QueryNLQ: the self-correcting SQL loop (generate → verify → review → regenerate) runs a maximum of three times per task. A LoopDetectionManager tracks per-agent visit counts. If any agent runs too many times, the system breaks the loop and asks the user to rephrase. No infinite cycles.
The pattern: constrain the agent’s output to actions the system can execute. Set a hard ceiling on iterations. Make the exit condition deterministic, not agent-decided.
AI services are not agents
This distinction tripped me up early. Kaiwa uses Azure Speech SDK for voice transcription, Azure Document Intelligence for receipt OCR, and pgvector for personality embeddings. These are AI-powered, but they’re not agents — they’re deterministic API calls. Same input, same output, no reasoning.
Kaiwa’s voice profile feature records a user answering personality questions, transcribes with Azure Speech SDK, then extracts traits deterministically from the structured text. The voice audio never goes to an LLM. The transcription is a stateless service call. The trait extraction is parsing, not reasoning.
Bill splitting works the same way: Azure Document Intelligence extracts line items from a receipt photo (AI service), then deterministic code splits the total across diners and calculates tax per person (arithmetic).

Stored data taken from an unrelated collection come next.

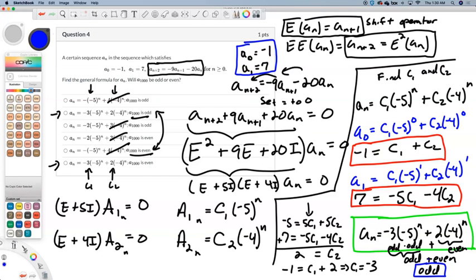You can try it for yourself — look at the first few terms, every single term is odd. So that gives you this answer. Hopefully that was helpful — solving a recurrence relation. We'll do more of these.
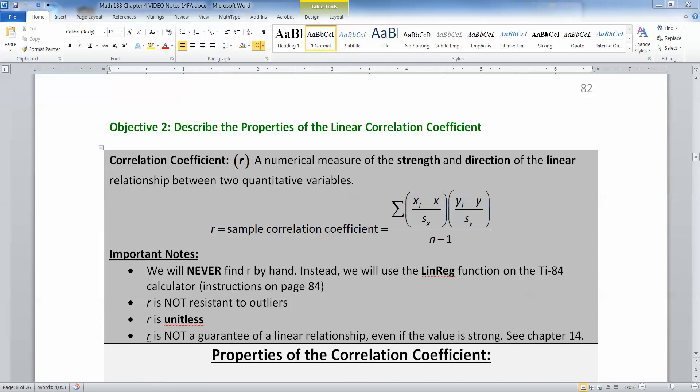In section 4.1, we learned about R, which is the correlation coefficient. That's a numerical measure of the strength and direction of the linear relationship between two quantitative variables.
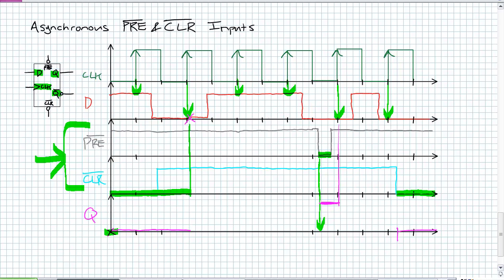With the presets and clears handled, go through the positive edge samples. Clear is zero at one point, so Q goes to zero and stays until the next sample. Then Q changes to a one, stays a one through a preset moment (already a one), then samples a zero, stays a zero through a clear moment. Getting those presets and clears before doing the timing analysis is absolutely important. This is added functionality — in a register or counter, just give every device an active low clear to reset the whole thing to zero. Next we'll discuss the JK Flip Flop.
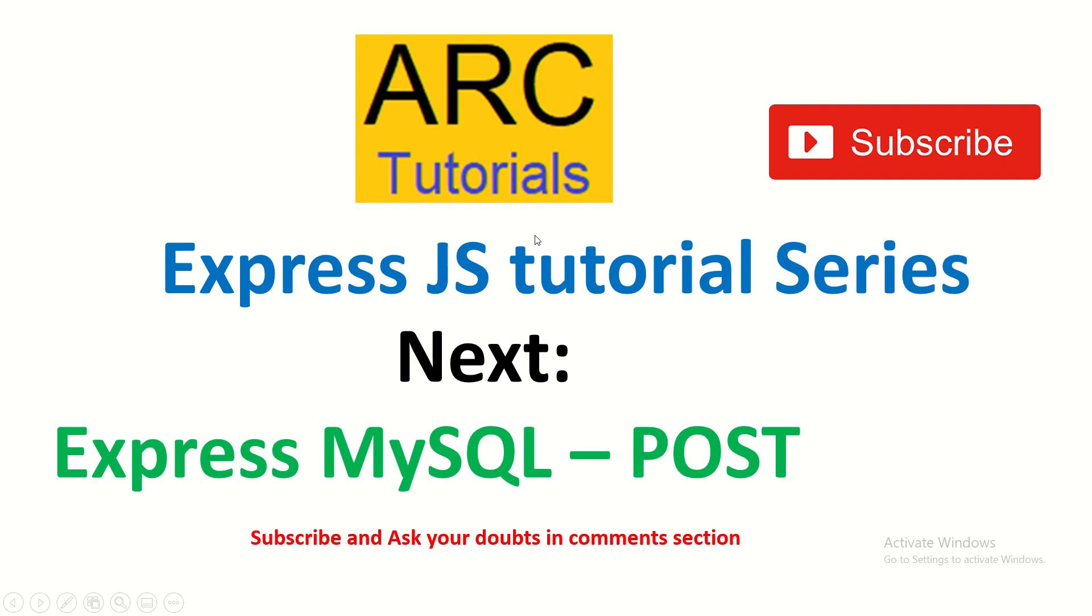And in the next episode I will cover MySQL post method. That is how do you create new resources via API, that is ExpressJS. I hope you like this tutorial. I hope you find it useful. Please do let me know if you have any doubts or queries. I will be happy to help you. Thank you so much. See you in the next episode.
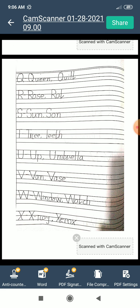Q for queen. Q for quilt. R for rose. R for rat. S for sun. T for tree. T for teeth. U for up. U for umbrella.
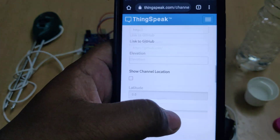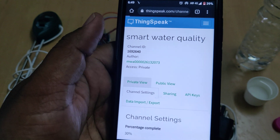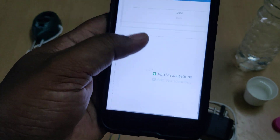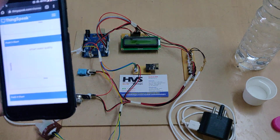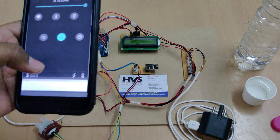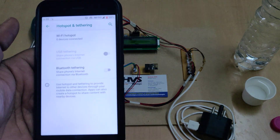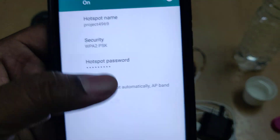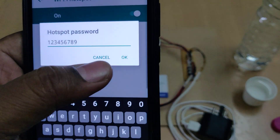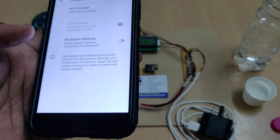Again, do not delete the channel. After clearing, go back to the private view and you can see that all the previous data has been erased. Now, before switching on the device, go to your phone's hotspot settings and change the hotspot name to 'project4969' with the password '123456789'. Then enable the hotspot along with mobile data.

The test: does the service maintain state, reason about context, or make judgment calls? If no, it’s an API call, not an agent. Treat it like any other external service — validate inputs, handle errors, cache where possible.
The One Rule
If you’re writing a prompt that says “always output exactly this format” and you’re frustrated when it sometimes doesn’t — that’s a function, not an agent. Move the formatting to deterministic code and let the agent focus on the decision.
Across three production systems — 14 agents in QueryNLQ, 3 agents and 6 engines in the Marketing Engine, one LLM integration in Kaiwa — the boundary always falls in the same place. Agents own meaning: intent, creativity, judgment, perceptual evaluation. Deterministic code owns execution: validation, rendering, payments, scheduling, safety.
The most reliable parts of all three systems are the parts with zero AI in them.